Miguel de Icaza, mono
Nat Friedman, "chief technology and strategy officer for open source" (but mighty quiet lately)
Greg Kroah-Hartman, kernel
And the ire of the fanboy is the most dangerous thing to those who oppose free standards
Everything clever I considered putting here I got from other slashdot sigs.
How do you measure the impact?
How many companies have been terrified to look at Linux now that Microsoft is screaming that Linux users are violating patents? Didn't SCO use the same tactics, and everyone berated them for it? SCO's stolen code they wouldn't point out is the same as the unlisted patents that Microsoft feels are violated.
Novell paid to license patents, and in doing so, they cast a shadow of guilt on all Linux distros. Can you quantify and put on a pie chart a FUD factor? Can you count how many users move from one distro to the other, when we don't have counts in the first place?
And what of the other distros that ended up signing deals as well?
http://blindscribblings.com - Tasty pop-culture in conceptual fashion.
Ballmer? Is that you?
CHAIR!
Most of the stuff on
I was talking to a Novell sales support person this evening. I asked him what the effect had been of the Novell/Microsoft deal and he replied that Microsoft is now Novell's biggest OEM partner, he said that Microsoft have sold ~60,000 SUSE licenses with support, at about $5,000 each. $300 million is not a laughing matter.
Microsoft has realized that there are some things that Linux does better than Windows, especially in the server area, and wanted to guarantee a piece of the action.
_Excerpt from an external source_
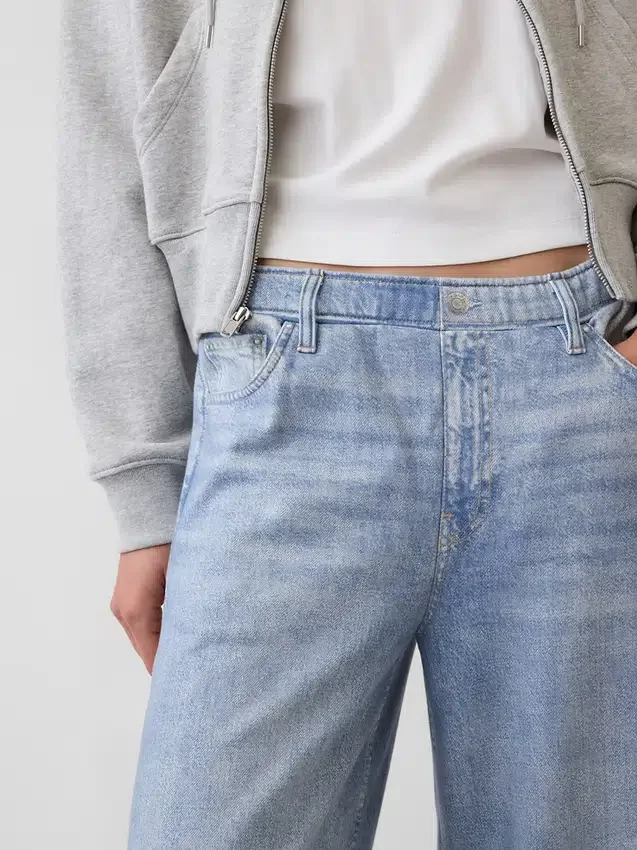 Bedruckte, weit geschnittene Jogginghose im Jeans-Look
So far they seem to have succeeded. Novell gets the support business, Microsoft gets to keep a customer..
Doesn't piss me off at all. Your reference to "99% of slashdotters" as "you guys" rather makes me think you're a 1 percenter (or like to think of yourself that way) with an axe to grind.
It's difficult for many companies to admit they've made a horrible mistake. Look at a one year stock price chart of RHAT v NOVL http://finance.yahoo.com/q/bc?t=1y&s=RHT&l=on&z=m&q=l&c=novl
Sure SuSE can claim some client wins. So can Red Hat, as their current agreements with Amazon show. That sort of thing is annecdotal noise. Novell's earning per share haven't changed a cent from four quarters ago, as stated in SEC filings. They're exactly what they were a year ago, when the agreement was made. Red Hat's are up 17%. In your words, "Know that."
BTW, in the reference you cite, the *only* specific technology that was mentioned by name was Microsoft's User Interface Automation specification. Which the article went on to say, "The Redmond giant added that it will not assert any patents necessary to implement the specification against anyone, regardless of platform, in the open source and proprietary software communities." So amongst the corporate PR platitudes, the only specific item mentioned provides no business advantage to SuSE.
Yes, this agreement probably will continue. Until SuSE's board come to their senses. It hasn't been good for Linux or SuSE's investors. The only winner has been Microsoft. IOW, it's been the same story as the vast majority of all partnerships with Microsft.
What you do with a computer does not constitute the whole of computing.
It cost them Jeremy Allison, and ruined any potential leadership in the file-server and Samba-based Windows-compatible server market. Given the choice between Microsoft patent protection, and actually having developers like Jeremy to write the code and make it work, I'd take Jeremy and his ilk everytime. In fact, I do so, and have submitted several proposals in the last year for storage solutions that carefully avoid Microsoft and Novell, for exactly this sort of reason.
I'd say it's had a huge impact. A lot of anti-corporate types have bleated on about it, consistently hoping to hell that it has an impact as proof of the evilness of allowing corporations into our FOSS world. I've had a lot of headaches reading the repetitiveness.
As it is the deal is irrelevant. All it has done is proven many have a capacity to shoot themselves (and those around them) in the foot. The only real damage has been done by our own. Of course MS knew that people would go off the deep end, which is the impact they hoped for. Makes the community look immature and that has the potential to scare off pointy headed types.